Former President Donald Trump on Saturday called on his supporters to protest and “take our nation back” as he girds for an expected effort by the Manhattan district attorney to bring an unprecedented criminal charge over his handling of a hush money payment during his 2016 presidential campaign.
“Protest, take our nation back!” the former president and 2024 GOP presidential candidate exhorted his followers Saturday morning on his social media platform Truth Social, after pointing to news reports about the possibility he could be arrested Tuesday or soon thereafter.
Trump provided no clear basis for his expected arrest, beyond citing what he called “illegal leaks” about the ongoing investigation by Manhattan District Attorney Alvin Bragg.
It’s unclear if Trump’s legal team has informed him of an impending indictment or whether he’s speculating based on news coverage.
A Trump spokesperson clarified that there had been no actual “notification” about an imminent arrest. The spokesperson added that he would “be in Texas next weekend for a giant rally. Make America Great Again!”
A person familiar with the Trump operations said that they were not actively organizing protests.

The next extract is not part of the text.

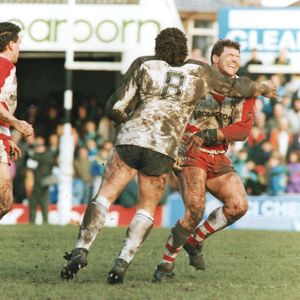 Keith Newton cops a high one from Kurt Sorenson - Feb 25th 1990.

A spokesperson for Bragg declined to comment Saturday. A spokesperson for the NYPD declined to comment. A Secret Service spokesperson said they were not able to comment on specific protection plans or protectee movements.

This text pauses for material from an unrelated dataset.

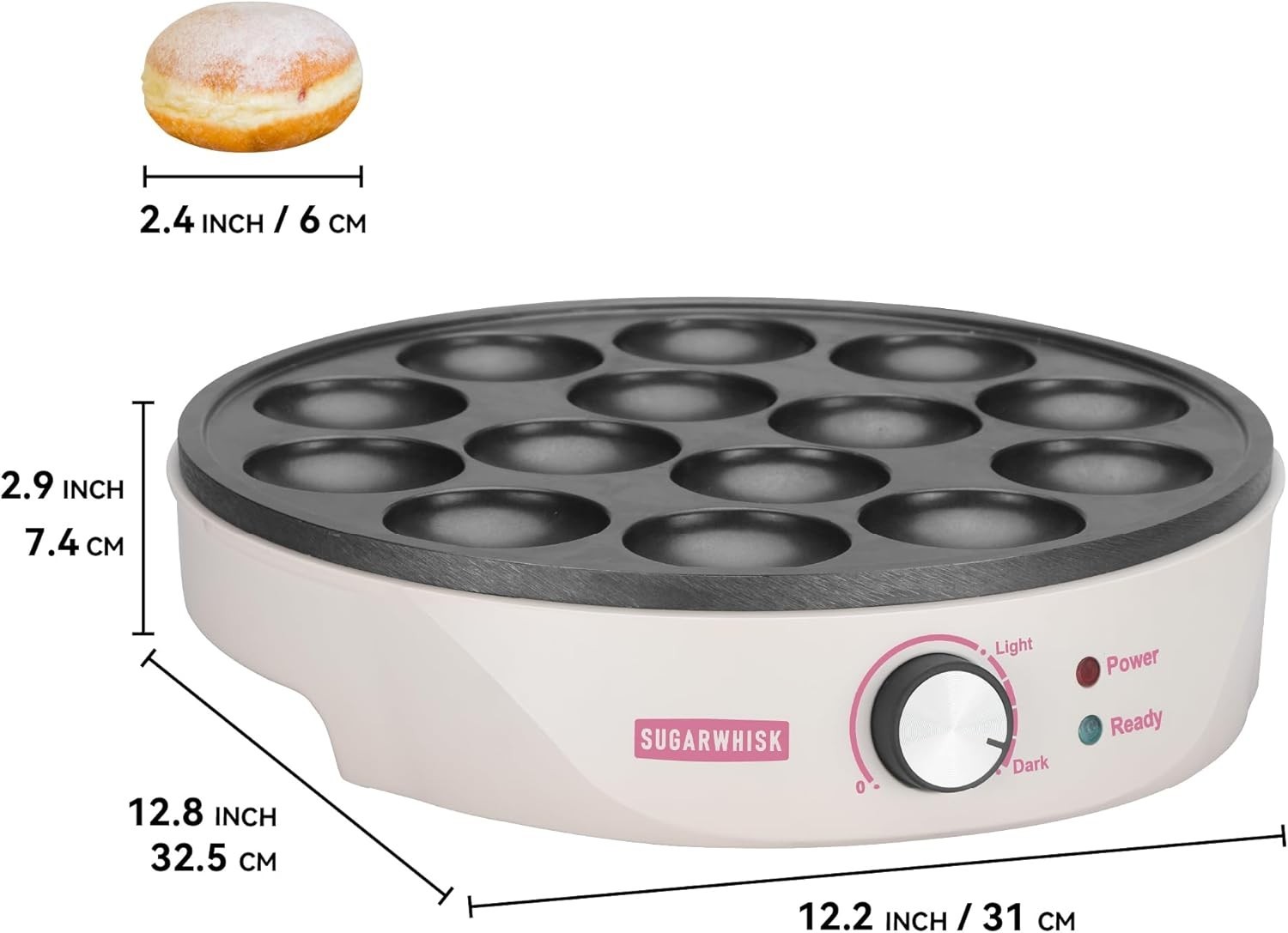 Mini Pancakes Maker Machine with 14 Larger & Deeper Grooves, Electric Mini Pa...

Trump played golf Saturday morning and is scheduled to travel to Oklahoma Saturday afternoon to attend the NCAA wrestling championship.
A flurry of news reports Friday evening said Bragg asked law enforcement authorities in New York City to begin discussions about the security issues and logistics involved in responding to a potential indictment of Trump there. It’s unclear whether the potential criminal charge would result in Trump being arrested at his new home in Florida, but one of Trump’s attorneys, Joseph Tacopina, has said Trump would turn himself in to face the charges in Manhattan if a grand jury returns an indictment in the coming days.
But Trump’s
new call for supporters to “take our nation back” is indicative of the type of civil unrest he could unleash if he faces charges. His description of his anticipated arrest followed a lengthy, rambling thread in which he claimed “The American Dream is dead” and falsely asserted the 2020 election was stolen from him. The rhetoric is similar to his remarks on Jan. 6, 2021, when he urged supporters to “fight like hell” to prevent Joe Biden from taking office.
“If you don’t fight like hell, you’re not going to have a country anymore,” Trump said at the time, before thousands of supporters marched to the Capitol and stormed the building, endangering Congress and the transfer of power.
Trump’s clarion call to his backers came in a pair of
rambling social media posts early Saturday that painted a grim, dystopian vision of America and suggested that his arrest was imminent.
“Our nation is now third world & dying. The American dream is dead! The radical left anarchists have stollen [sic] our presidential election, and with it, the heart of our our [sic] country. American patriots are being arrested & held in captivity like animals, while criminals & leftist thugs are allowed to roam the streets, killing & burning with no retribution,” Trump wrote.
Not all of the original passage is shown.